Whatever approach Xi takes, he wouldn’t be able to call upon officers with Zhang’s unique stature as a combat veteran and member of China’s red aristocracy. Zhang’s father fought alongside Xi’s father and helped Mao seize power in 1949. The younger Zhang distinguished himself in China’s 1979 war with Vietnam and a border clash in 1984.
“A sycophant with no combat experience has to tell Xi what Xi wants to hear,” wrote Drew Thompson, a former Pentagon official who met Zhang when he visited the U.S. in 2012. “Zhang’s intellect, experience and his relationship with Xi made honesty and objectivity possible, and that makes him an exception among PLA generals.”
Such clout also made Zhang a potential alternate power center to Xi, who has routinely neutered even latent threats to his dominance.
Xi’s motives for ousting Zhang may never be definitively known. Some analysts say the purges appeared to dismantle two lines of political patronage in the military leadership, one led by Zhang and another by two other CMC members.

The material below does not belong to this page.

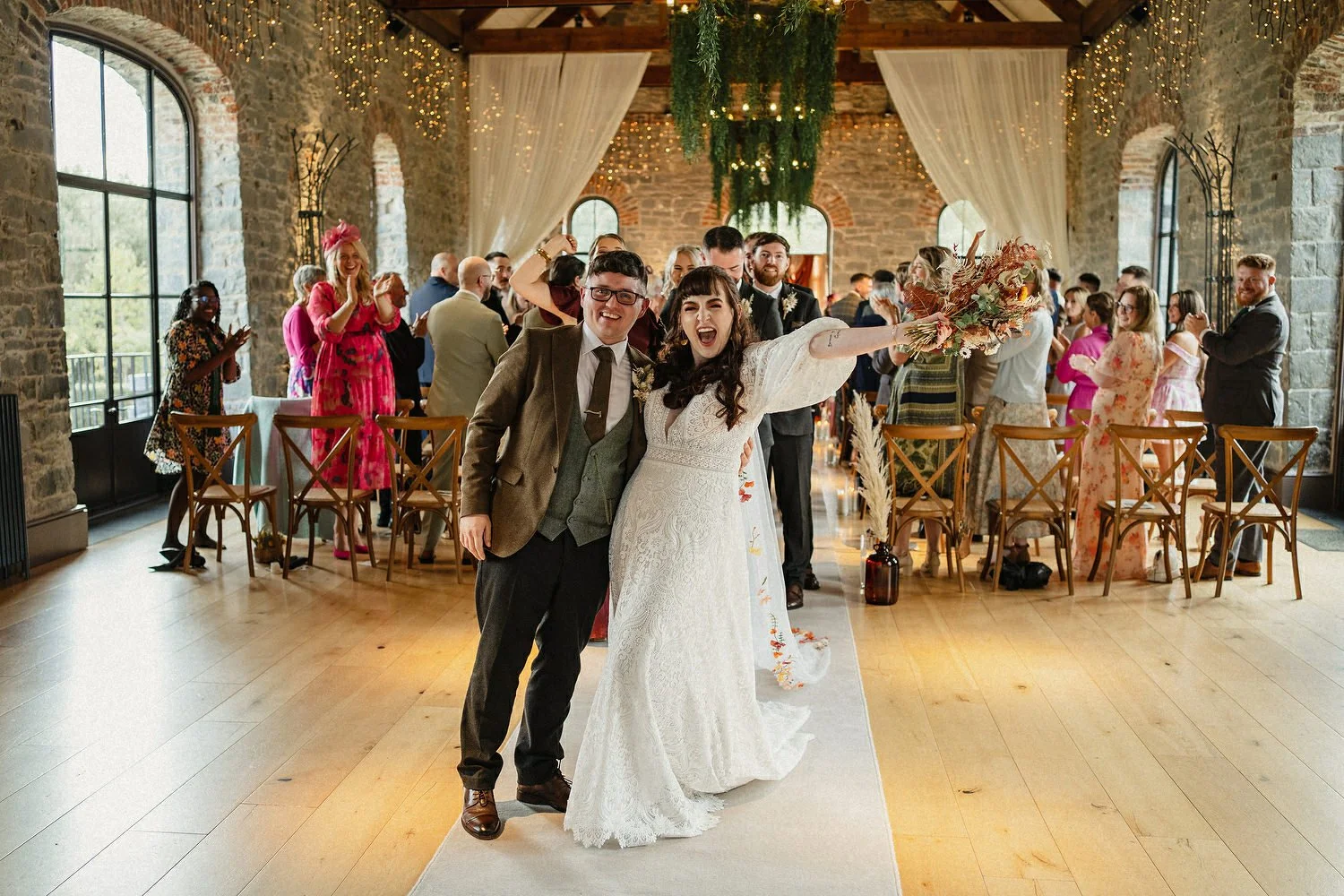 Montalto Estate Carriage rooms Rache and Eoghan 0035.JPG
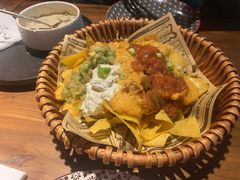 -SUPER BOWL 超级碗披萨(崂山丽达店)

Some of the earlier targets were seen as Zhang’s associates, having worked with him on arms procurement, strategic missiles and space missions. Subsequent probes ousted a loose grouping of officers, led by Zhang’s perceived rivals, who once served with a PLA formation in the southeastern province of Fujian, a power base for Xi.
For several months, Zhang stood alone as China’s most powerful military officer until his own downfall in January.
Zhang had been in a position to influence major decisions and personnel appointments, through which he could entrench his own networks, said Guoguang Wu, a senior fellow at the Asia Society Policy Institute. “The closer you are to the leader and the more important you are, the bigger the threat you pose to Xi.”
The nature of China’s political system encourages officials to seek career advancement and security through personal ties with other officials, said James Char, an assistant professor at Singapore’s S. Rajaratnam School of International Studies. “Even China’s current strongman leader is incapable of averting malfeasance leading from his own political patronage.”